La antigua Democracia Ateniense seleccionaba a los políticos después de haber sido elegidos por la suerte o por el voto a través de un examen público llamado dokimasía, y que todavía el Senado de USA hace a los miembros del gabinete del Presidente, así como al Presidente del Tribunal Supremo. Este examen versaba y versa sobre amor a la patria, amor a la familia, experiencia militar e ideas generales sobre la Constitución y la Administración. Roma era todavía más dura en la selección, no sólo por los requisitos, sino también por la carrera política o cursus honorum que se exigía a los políticos que conformarían la clase gobernante.
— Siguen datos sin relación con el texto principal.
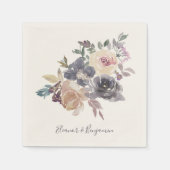 Serviette En Papier Aquarelle couleur violet duvet Mariage sur mesure (Devant)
¿Alguien cree sinceramente que con algún tipo de selección que hubiese valorado el sentido común y valor de nuestros políticos se hubiera llegado a la infame consulta catalana sobre la independencia y la ruptura con la patria común? Difícil, muy difícil. El mal de España no se fundamenta en la corrupción política, que sólo es un epifenómeno o manifestación de algo mucho más hondo, sino en la índole de nuestros políticos y en su reclutamiento. A quien carece de entrada de auctoritas, es locura confiarle la potestas. Pero toda voluntad verdaderamente política es voluntad de desinterés, de superación personal, para darse por entero a la Comunidad nacional en un afán ideal de que la Nación cumpla su mejor destinación, combatiendo sin tregua y con toda el alma todo tumulto, toda sedición, toda defección que suponga una partícula del quincuecentenario patrimonio de la patria.